## Brief
The needed output is the run of lines below from the one containing "Valentino Classic Dot" through the one containing "[BUNJANG] Prada Saffiano", copied exactly and free of pictures.

## Supplied material
"""

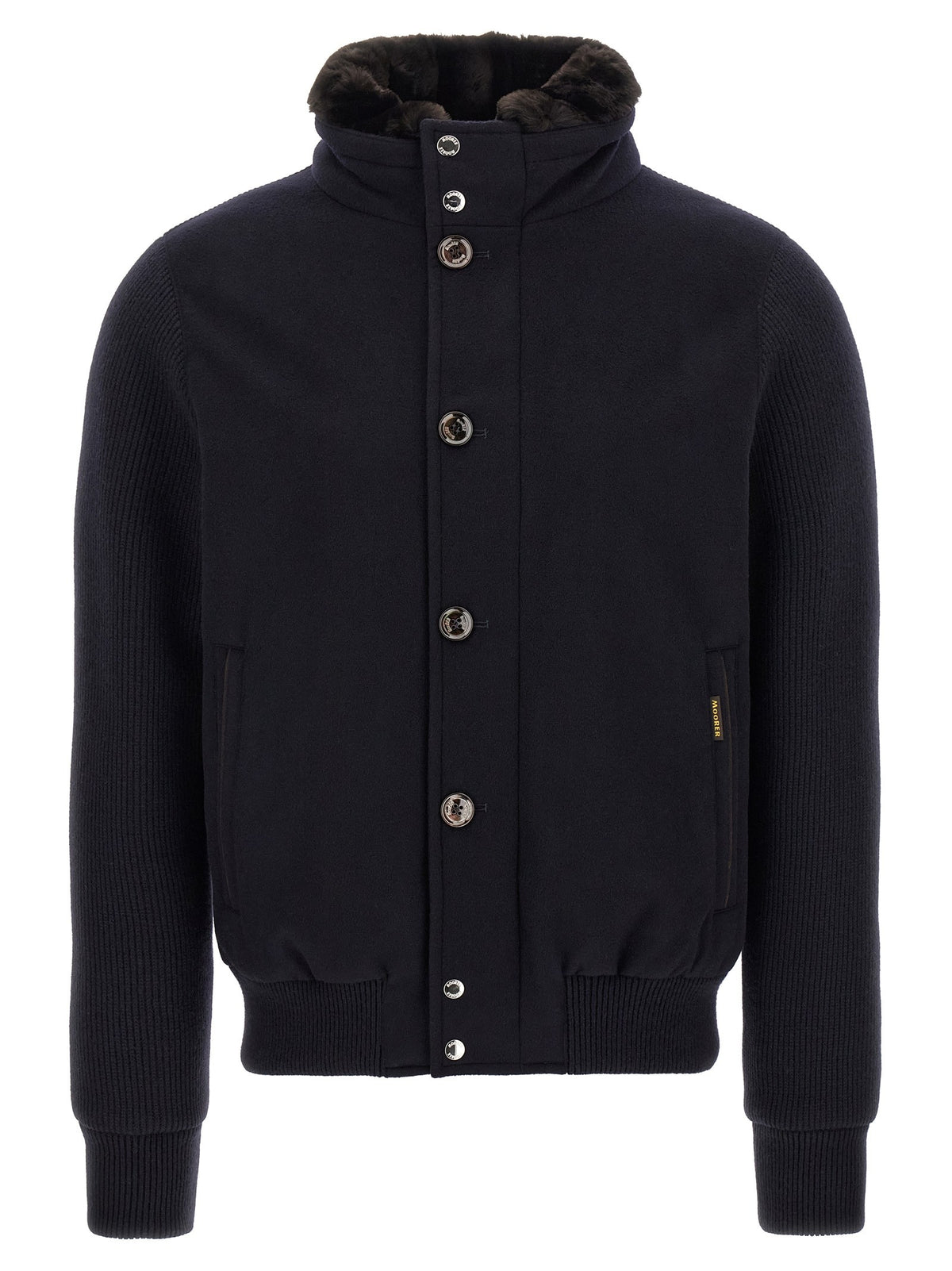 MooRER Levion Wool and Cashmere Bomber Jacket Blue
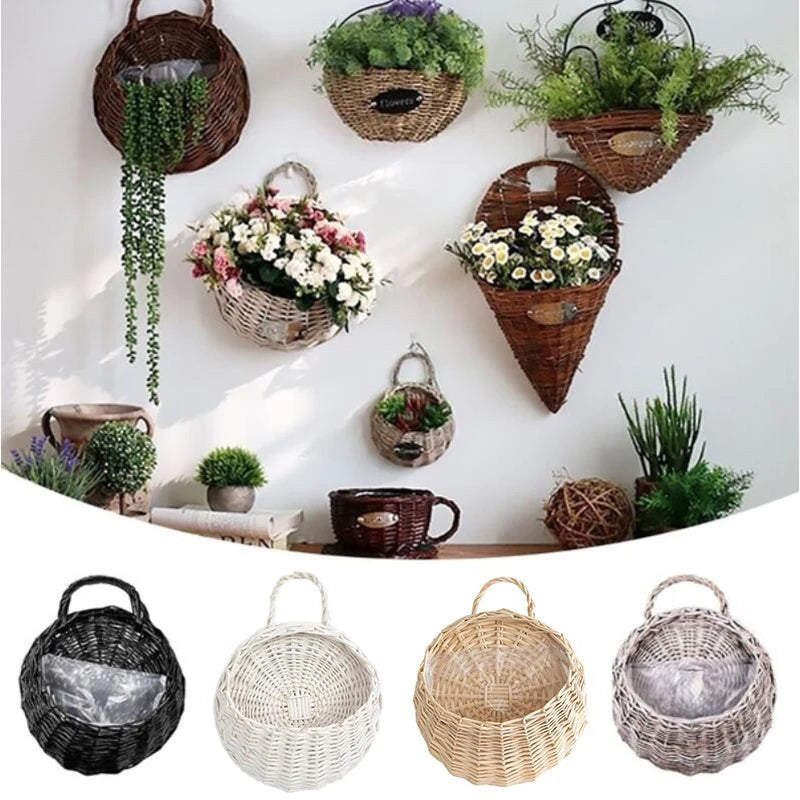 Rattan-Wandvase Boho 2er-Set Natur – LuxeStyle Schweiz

"""
"""

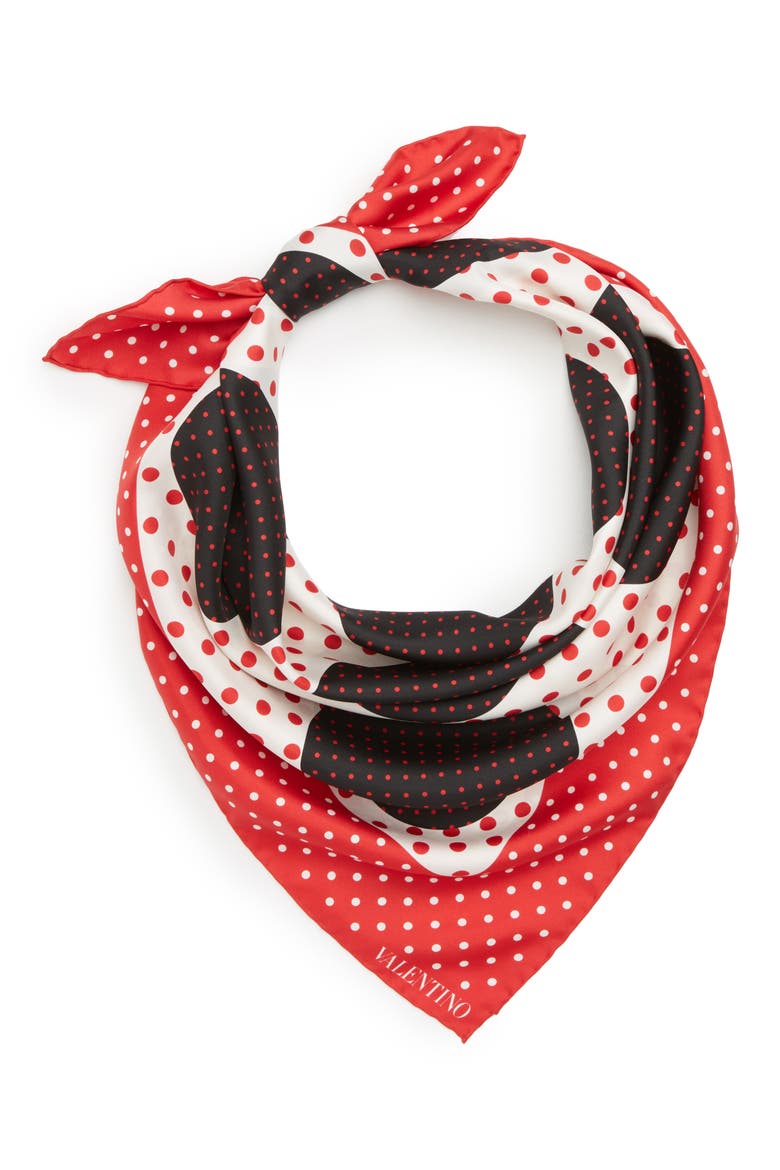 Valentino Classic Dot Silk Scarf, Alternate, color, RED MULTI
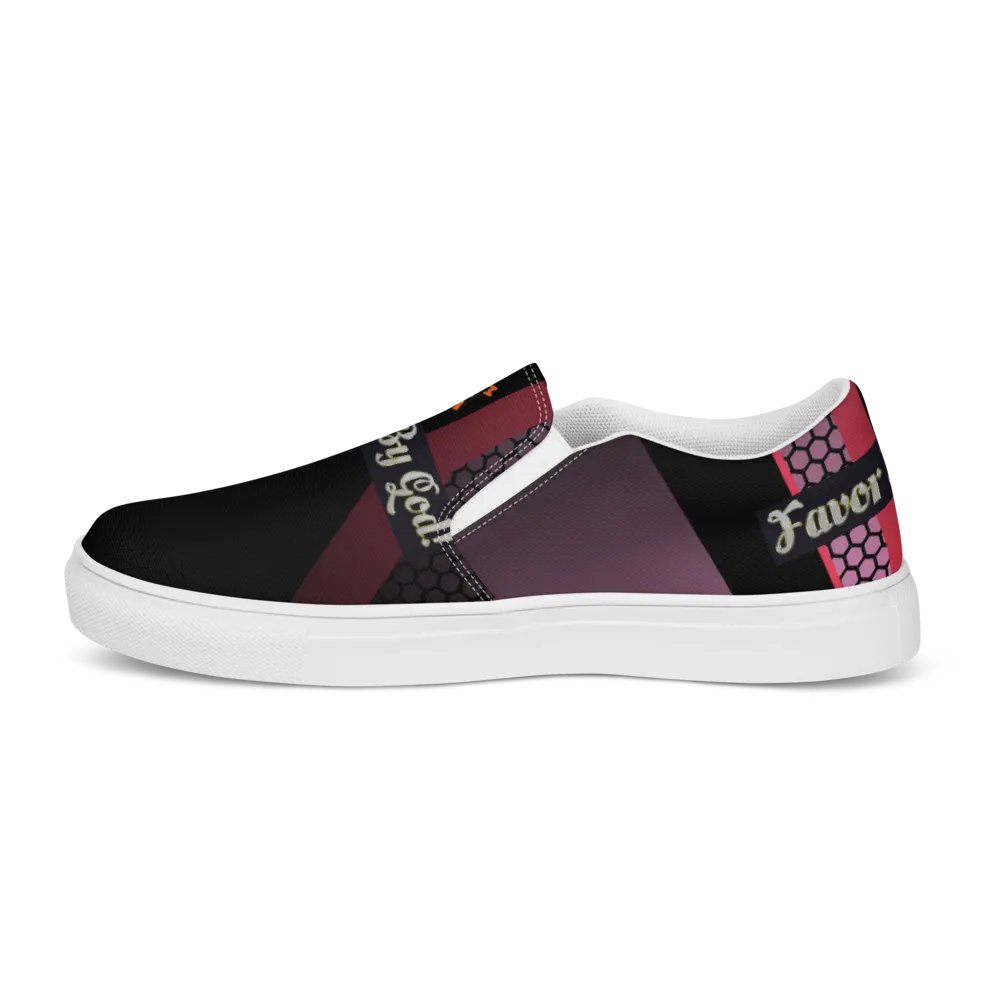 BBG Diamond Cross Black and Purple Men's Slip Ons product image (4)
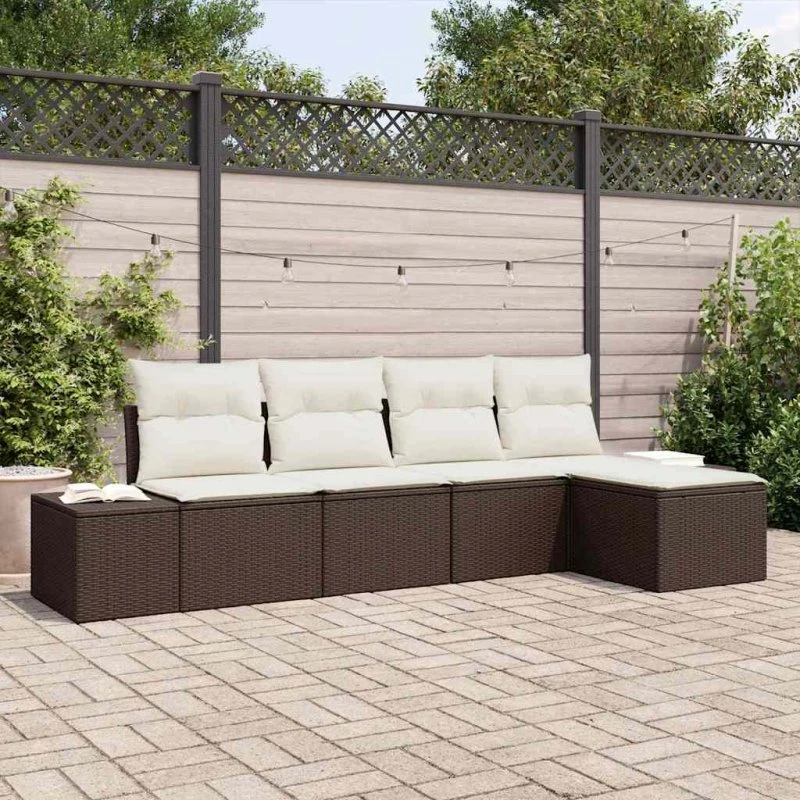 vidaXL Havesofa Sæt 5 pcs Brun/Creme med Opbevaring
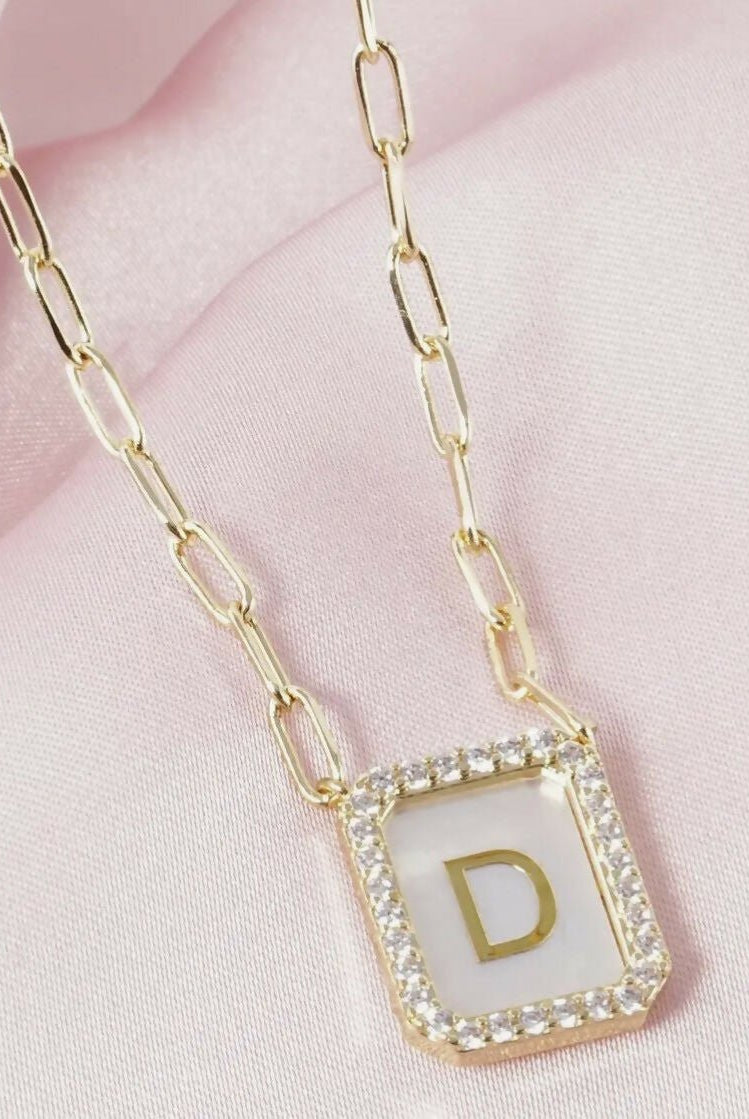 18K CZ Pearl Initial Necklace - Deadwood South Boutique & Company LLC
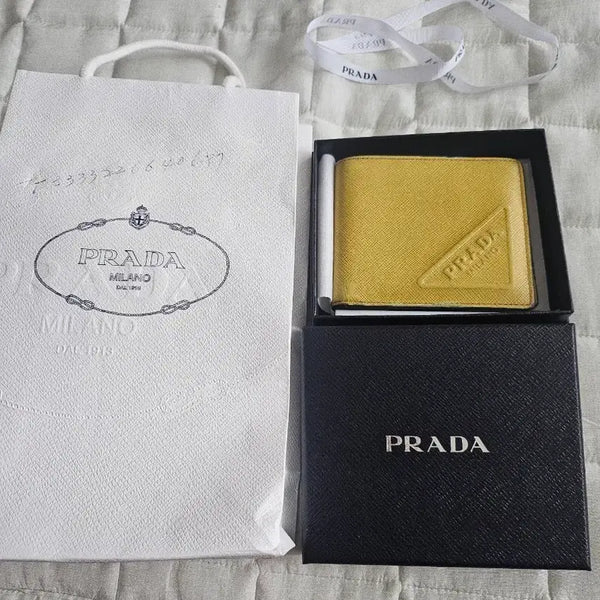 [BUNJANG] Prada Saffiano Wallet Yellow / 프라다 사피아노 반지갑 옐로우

"""

## Answer section
 Valentino Classic Dot Silk Scarf, Alternate, color, RED MULTI
 BBG Diamond Cross Black and Purple Men's Slip Ons product image (4)
 vidaXL Havesofa Sæt 5 pcs Brun/Creme med Opbevaring
 18K CZ Pearl Initial Necklace - Deadwood South Boutique & Company LLC
 [BUNJANG] Prada Saffiano Wallet Yellow / 프라다 사피아노 반지갑 옐로우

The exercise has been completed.